In simple time signatures - those that subdivide the beat by 2 - it's the note value that gets the beat. Ex...
4 (four beats per measure)
4 (quarter note gets the beat)
In compound time - those that subdivide the beat by 3 - it's the value of the subdivisions. Ex...
6 (divide this by three, 6/3 = 2, there are two beats per measure)
8 (each of the 2 beat is subdivided by three eighth notes)
Time signatures are not fractions.
Time signatures are not really math.
Time signatures are short hand signs for meters. You could replace them with any other sign. Case in point: the C
for common time or 4/4
.
After learning how to read a time signature, it's probably more practical to just recognize the commonest by memory: 2/4/,
3/4,
4/4,
3/8,
6/8,
9/8,
12/8`.
Additive time signatures like 7/8
, 5/4
, etc. are sort of "advanced" but shouldn't be too hard to deal with provided you understand simple and compound time signature.
...it will say what kind of note gets the beat, but why do I need to know that if it won't change what I'll play? Can someone show me the difference if I play something in 5/4 or 5/8...I thought that since it was a quaver note in the bottom I would count 1 and 2 and 3 and 4...; if it was 16th note in the bottom I would count 1 e and a 2 e and a 3 e and a 4...
Technically, the person at Reddit was right to say your counting aloud is wrong. If the 16th note was on the bottom, like 4/16
, then the beat count should still be "1,2,3,4" on each sixteenth note.
I think the think to keep in mind is: beats, subdivisions, beats per measure.

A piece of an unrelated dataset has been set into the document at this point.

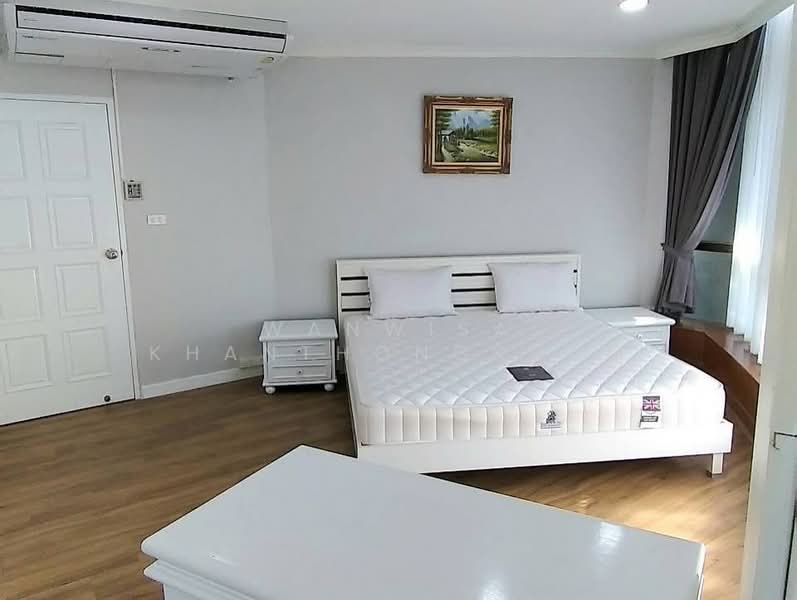 Fifty Fifth Tower, Bangkok, 84 Soi Sukhumvit 55, Sukhumvit Road, Khlong Tan Nua, Watthana, Bangkok, 2 Bedrooms, 102 sqm, Condo For Rent, by Wanwisa Khanthongkham, 500238390 - DDproperty.com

When using the rhythm syllables, like "1 e & a", be careful of what is a beat and what is a subdivision. There are different systems of syllables, but I think it doesn't matter much what you say as long as you keep to numbers on the beats, which is what the person a Reddit must have taken issue with in your example. Here is how I think you would count aloud for some examples...
Notice that with 5/4
the beats are subdivided by 2 so it a kind of simple meter, but in 5/8
you get beamed groups of 3 eighth notes subdividing a beat, which is like compound meters, mixed with groups of 2 eighth note subdivisions. In odd or additive meters like these the bottom number can signal the difference between simple to compound feel.
4/16
looks strange... because it is, but if you wrote it, that is how it would be counted. It's essentially common time, but you change which note values are assigned to a full beat. There probably isn't a practical reason to do this.